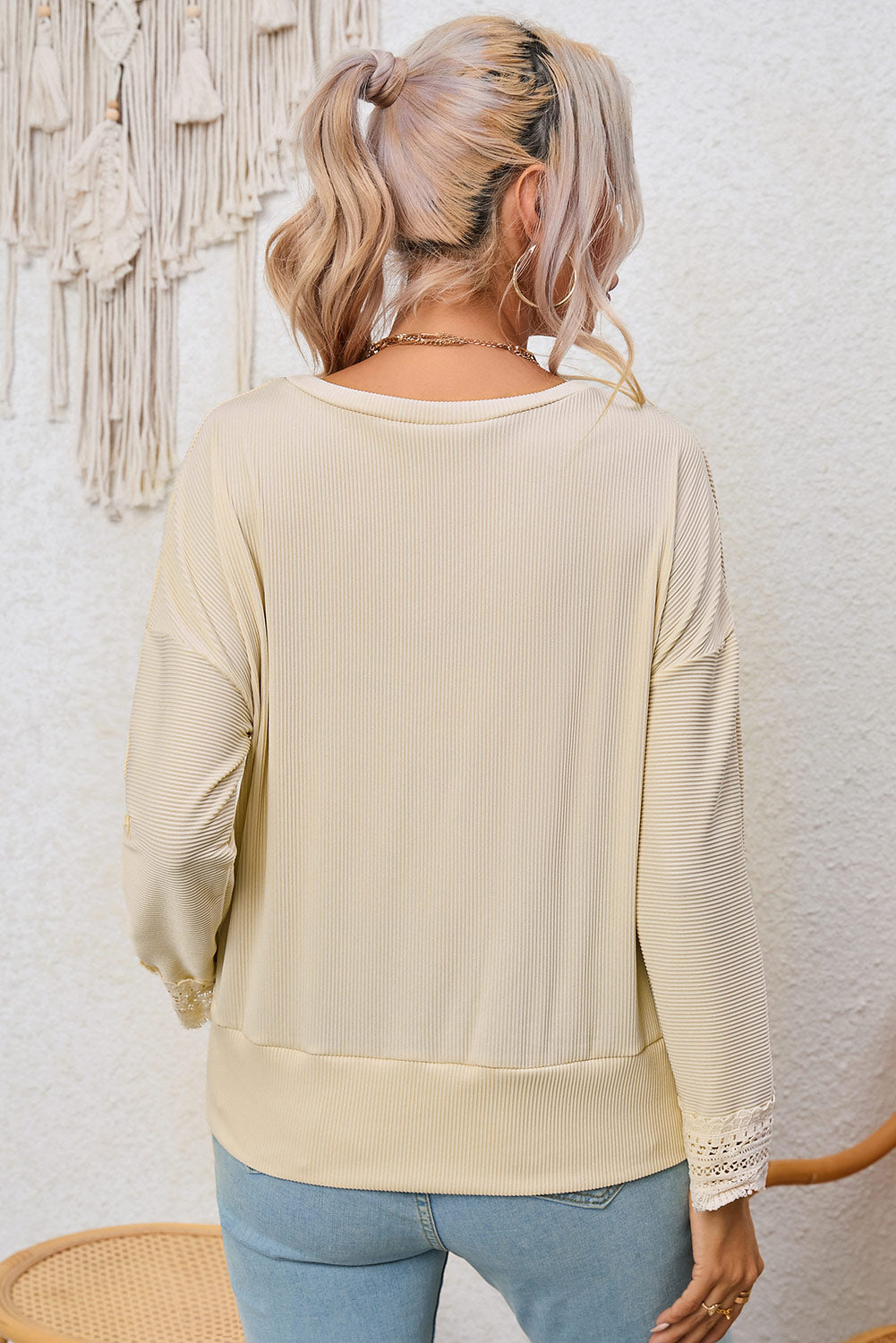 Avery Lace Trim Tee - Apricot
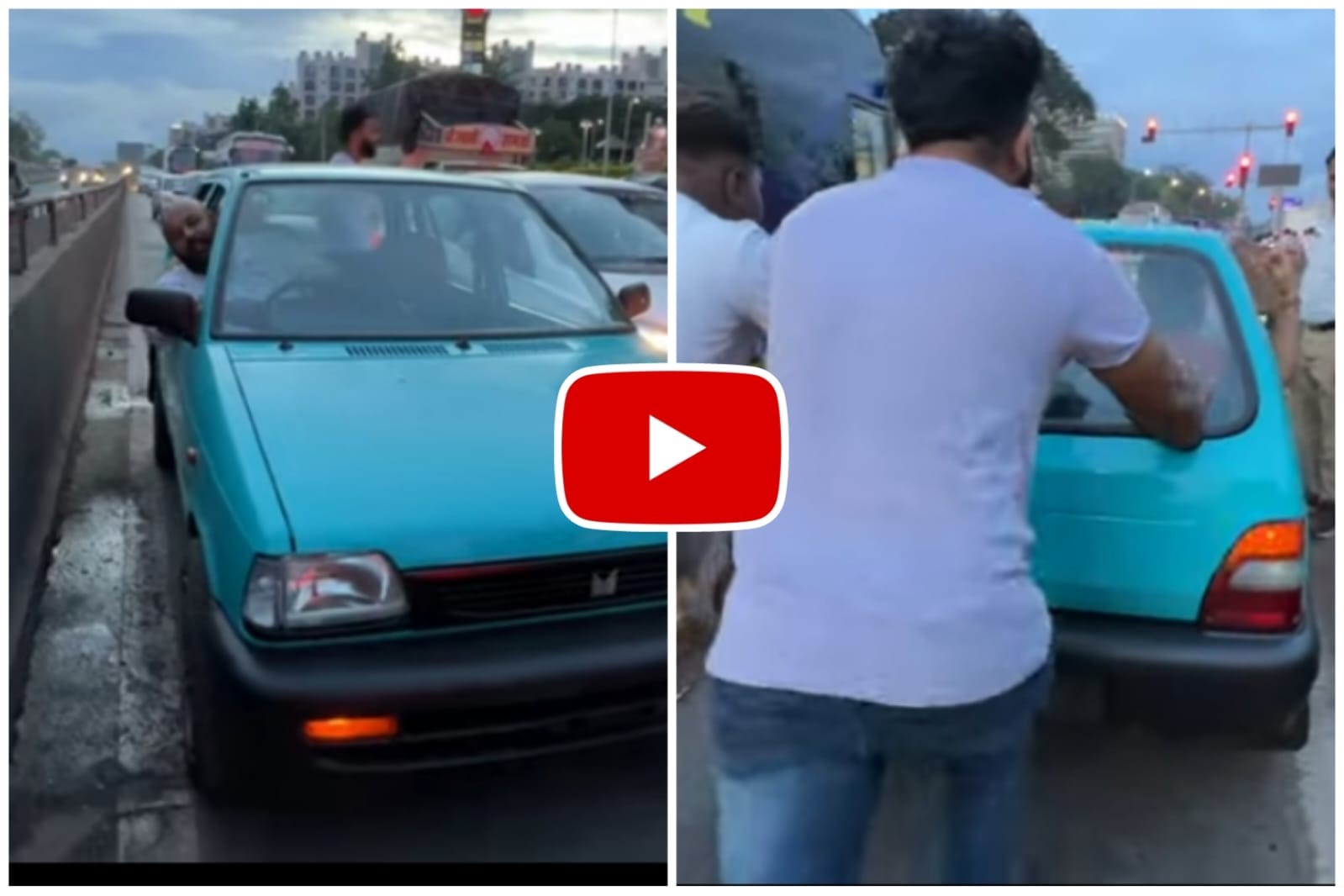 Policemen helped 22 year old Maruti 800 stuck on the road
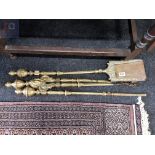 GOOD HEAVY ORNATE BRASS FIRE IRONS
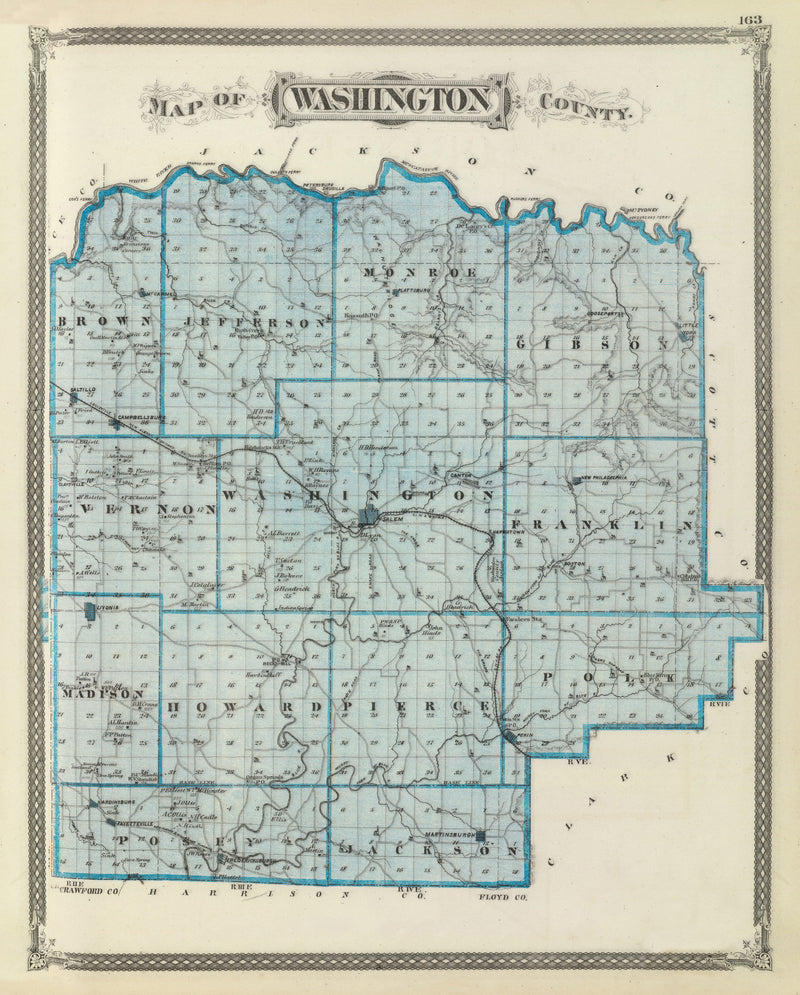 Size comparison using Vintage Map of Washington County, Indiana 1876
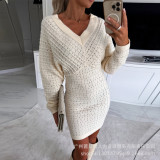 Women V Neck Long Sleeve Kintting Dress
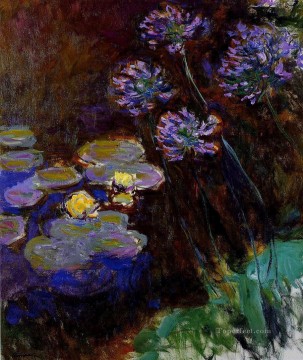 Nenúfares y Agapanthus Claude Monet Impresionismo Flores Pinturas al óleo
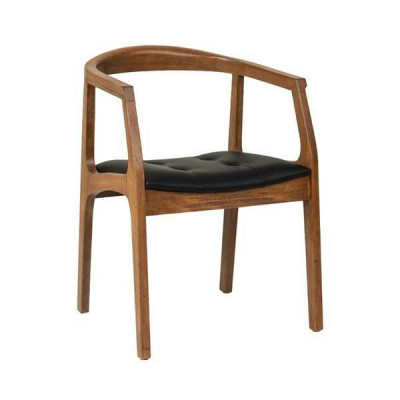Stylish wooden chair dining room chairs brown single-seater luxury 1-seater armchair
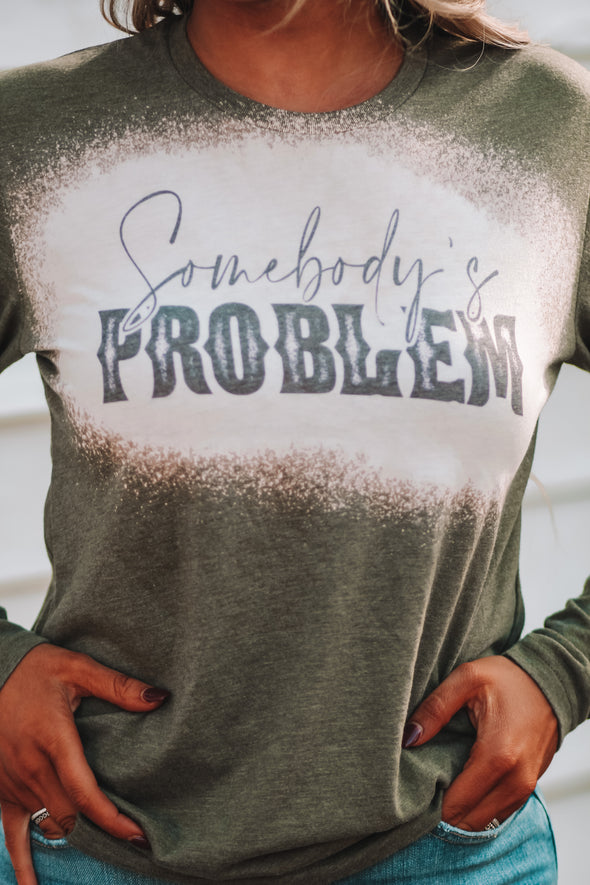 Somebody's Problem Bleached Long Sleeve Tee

========

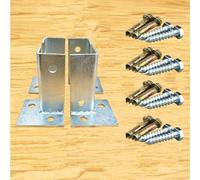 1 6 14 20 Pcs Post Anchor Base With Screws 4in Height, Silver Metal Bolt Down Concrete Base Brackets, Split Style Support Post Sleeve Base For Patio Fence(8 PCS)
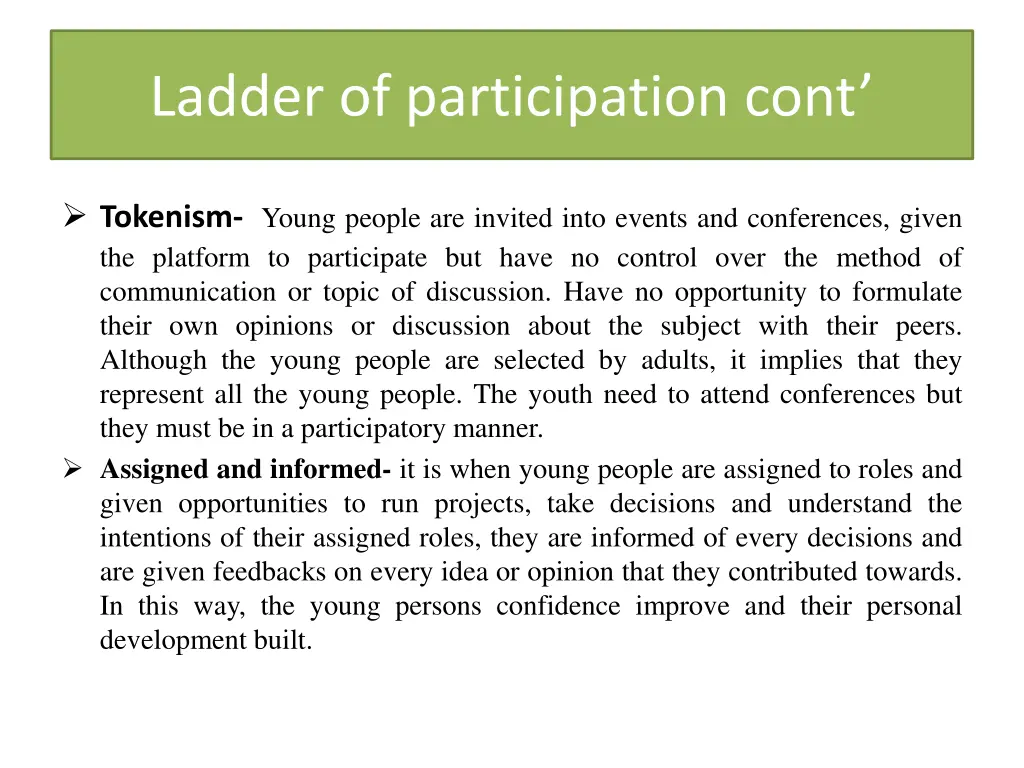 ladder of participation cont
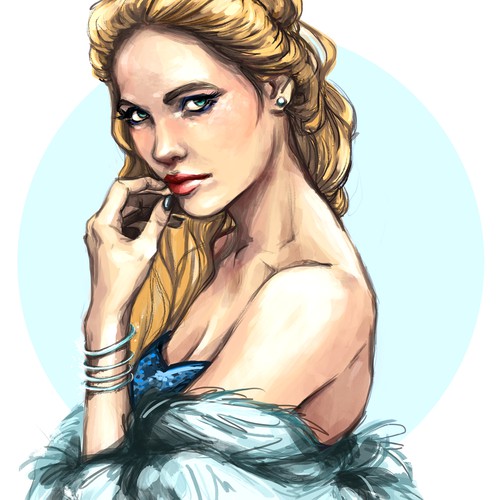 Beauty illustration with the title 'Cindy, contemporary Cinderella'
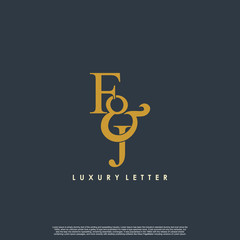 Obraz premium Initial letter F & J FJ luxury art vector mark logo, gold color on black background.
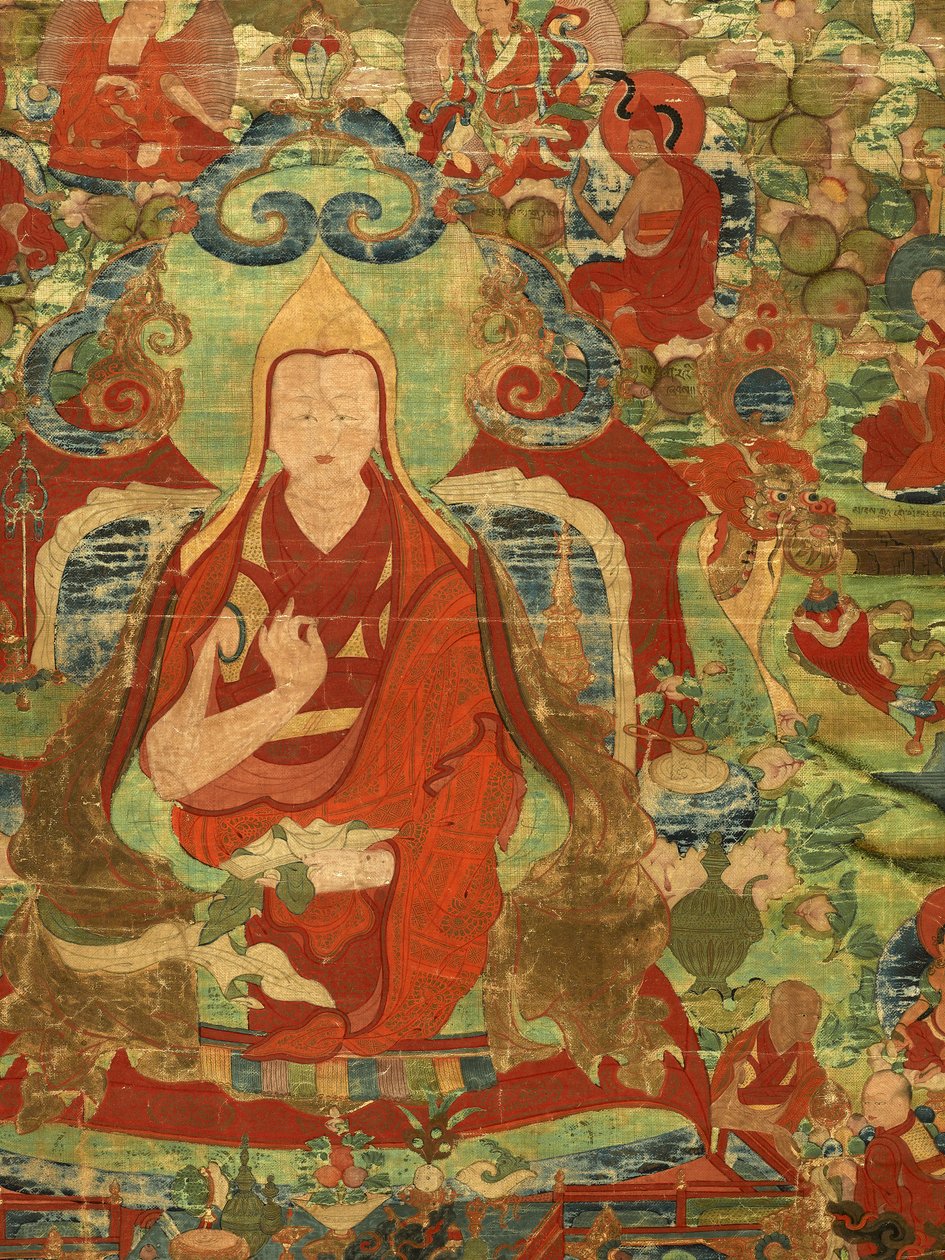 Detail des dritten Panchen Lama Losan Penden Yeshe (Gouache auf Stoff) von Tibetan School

========

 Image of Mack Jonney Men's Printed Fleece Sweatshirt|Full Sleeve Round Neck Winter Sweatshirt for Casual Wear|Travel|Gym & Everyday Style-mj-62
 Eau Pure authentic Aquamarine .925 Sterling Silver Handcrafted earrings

========

## What the task asks
The output is the stretch above from the line with "ladder of participation cont" through the line with "Detail des dritten", copied word for word with both ends kept and every picture dropped.

## Response to this task
 ladder of participation cont
 Beauty illustration with the title 'Cindy, contemporary Cinderella'
 Obraz premium Initial letter F & J FJ luxury art vector mark logo, gold color on black background.
 Detail des dritten Panchen Lama Losan Penden Yeshe (Gouache auf Stoff) von Tibetan School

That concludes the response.